W e b dubois accommodating racism
The opportunity to earn a dollar in a factory just now is worth infinitely more than the opportunity to spend a dollar in an opera-house.Washington thought that social equality would follow economic prosperity, and he urged white business leaders to consider hiring African Americans and to provide investment opportunities to black businessmen.He thought the best way to triumph over racism was to cultivate an educated class, a "talented tenth," as he called it, to fight it in the public.Essentially, he saw Washington's approach as what he called "the old attitude of adjustment and submission" that he associated with slavery.The question then comes: is it possible and probable, that nine millions of men can make effective progress in economic lines if they are deprived of political rights, made a servile caste, and allowed only the most meager chance for developing their exceptional men?If history and reason give any distinct answer to these questions, it is an emphatic No.The policy of accommodation, he argued, had been in fact pursued for years, with nothing but discrimination, racial violence, and persistent poverty to show for it.

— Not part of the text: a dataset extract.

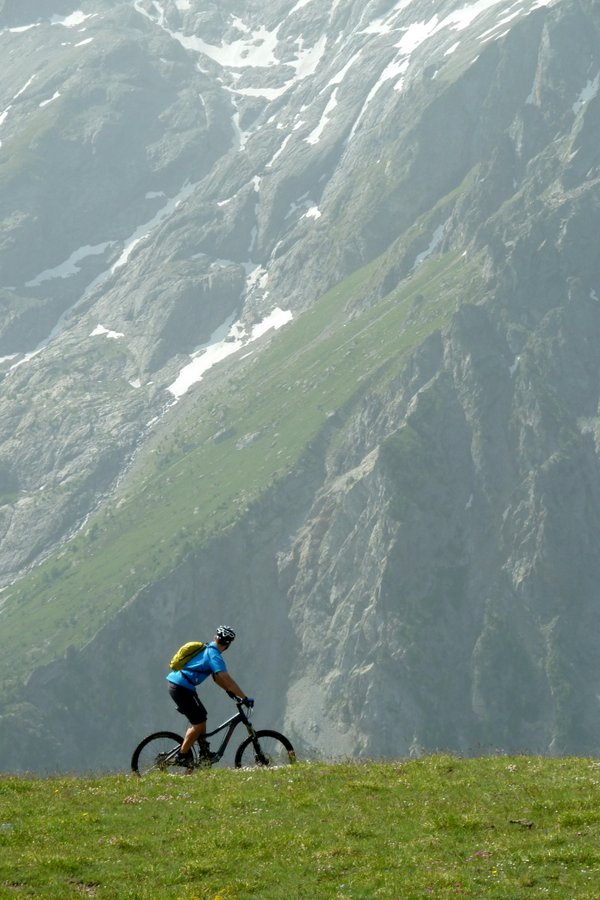 #7 Zhou pour le lac Lérié : Big mountain et si proche avec un bon coup de zoom Zhou pour le lac Lérié : Big mountain et si proche avec un bon coup de zoom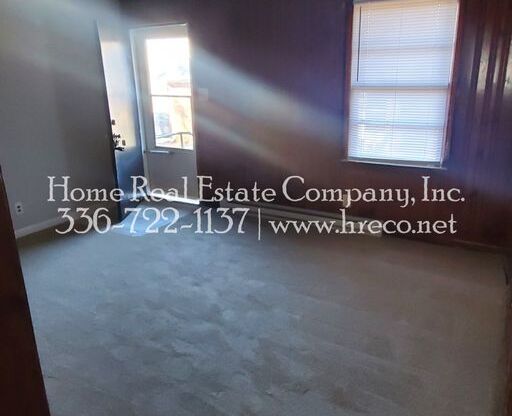 2 beds, 1 bath, $695, Unit 112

This, in short, was what accommodation meant to Washington—creating a social space in which blacks could flourish economically while declining to pursue social equality.This is not an indication of a security issue such as a virus or attack.It could be something as simple as a run away script or learning how to better use E-utilities, for more efficient work such that your work does not impact the ability of other researchers to also use our site.He goes on to say that schools should teach "men" (not women) "intelligence, sympathy, knowledge of the world that was and is, and of the relation of men to it." To pursue only money (a sly dig at Washington) would develop "money-makers but not necessarily men."In Booker T. Du Bois, who was the first African American person to receive a Ph. from Harvard and the co-founder of the National Association for the Advancement of Colored People, disagreed with Washington. Washington took what he considered to be a more practical approach to these problems.Washington's famous "Atlanta Compromise" speech of 1895, he said that "African Americans should accommodate themselves to racial prejudice and concentrate on economic self-improvement.” Washington believed that African Americans should first focus on improving their situation through vocational training and only concentrate on political rights once they had achieved a measure of economic success. He thought that African Americans should pursue social and political equality with whites. He emphasized accommodation and accepting discrimination and segregation for the time being.